WORK INSTRUCTION
Nothing but an exact copy is asked for: the lines in the material below from the one with "What is TSO, ISPF, what" through the one with "First, highlight the", pictures excluded.

EXTRACTED RECORDS

★ ★ ★ ★ ★

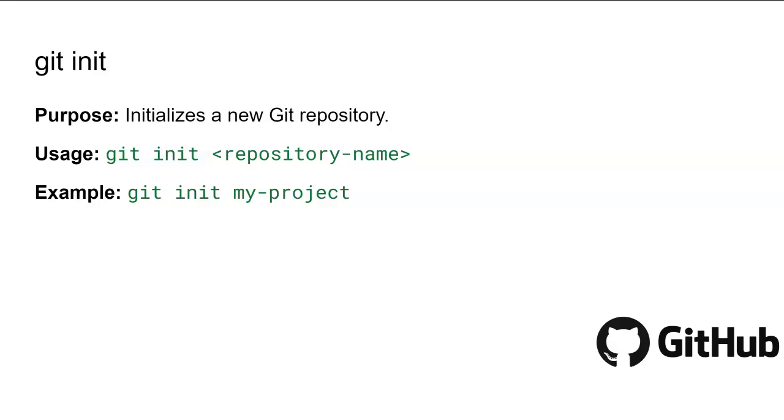Here you can see the example: git init my-project. This command sets it up as a Git repository. Now you're ready to start adding files and tracking changes.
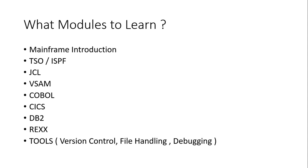What is TSO, ISPF, what is JCL, what is VSAM, what is COBOL, what is CICS, what is DB2 and what is REXX. If they just know the simple basic overview of this and few commands on this, that's it. So you can still work on this.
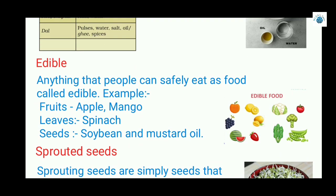What is edible? Anything that people can safely eat as food is called edible. Here are different edible parts of a plant: sprouted seeds, fruits like apple and mango, leaves like spinach and coriander, and seeds which we consume as oil.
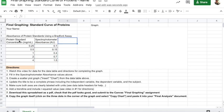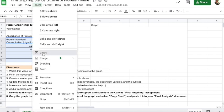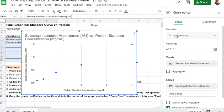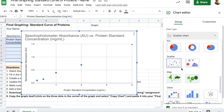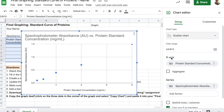First, highlight the headers and all of the data — make sure you do not highlight the title, just the column headers and the data itself. Then go to Insert Chart. Make sure that a scatter plot pops up — you do not want a line graph. If your chart looks different, go to the setup menu and change the chart type, scrolling down until you find scatter plots. Make sure you have a scatter plot before moving forward.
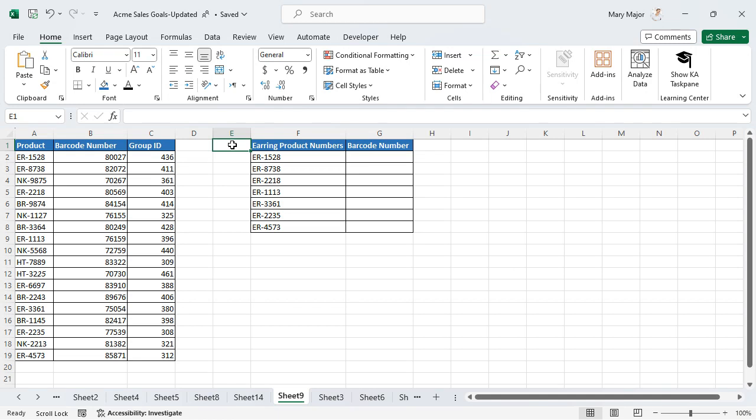Use the index match function. Index and match are two separate functions. However, when used together, they are very powerful and more versatile than a VLOOKUP.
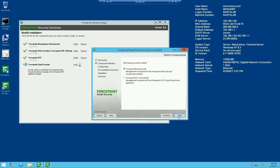We'll go ahead and hit next and choose Forcepoint email security. Please note that in version 8.4, Forcepoint DLP cloud email — which is the email gateway for Office 365 — is not supported. It's still in the installer, but please note that if you choose to install it, it will not install properly.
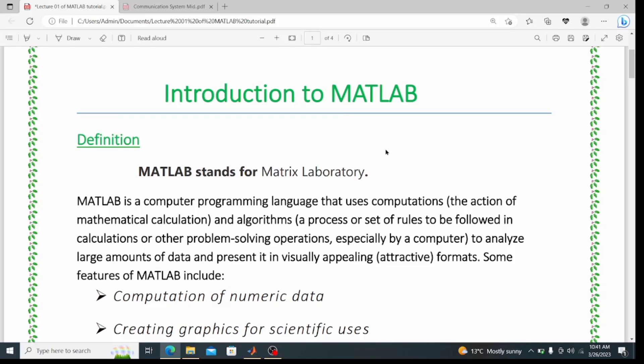Welcome to the educational center. From today we are going to start a new course — a MATLAB tutorial. In this course we will go from beginning to advanced level. The major language I will use throughout this course will be English, but some of the main bullet points I will also explain in Urdu, since many students prefer to study in Urdu.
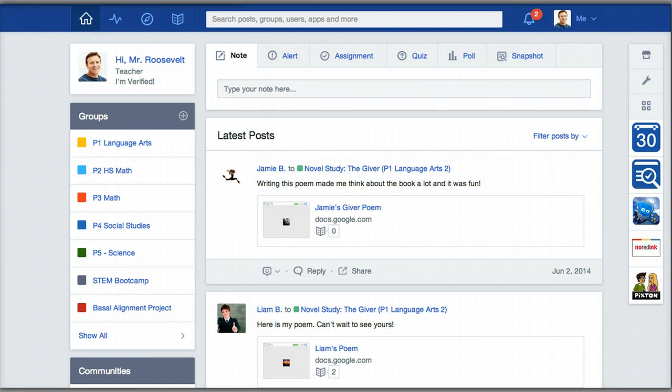Hello everybody, this is Matt Bergman from Learn Lead Grow. A few weeks ago I shared with you how to use the Edmodo Snapshot feature to assess student performance on Common Core Standards in Mathematics and English Language Arts.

★ ★ ★ ★ ★

EXERCISE OUTPUT
What is TSO, ISPF, what is JCL, what is VSAM, what is COBOL, what is CICS, what is DB2 and what is REXX. If they just know the simple basic overview of this and few commands on this, that's it. So you can still work on this.
What is edible? Anything that people can safely eat as food is called edible. Here are different edible parts of a plant: sprouted seeds, fruits like apple and mango, leaves like spinach and coriander, and seeds which we consume as oil.
First, highlight the headers and all of the data — make sure you do not highlight the title, just the column headers and the data itself. Then go to Insert Chart. Make sure that a scatter plot pops up — you do not want a line graph. If your chart looks different, go to the setup menu and change the chart type, scrolling down until you find scatter plots. Make sure you have a scatter plot before moving forward.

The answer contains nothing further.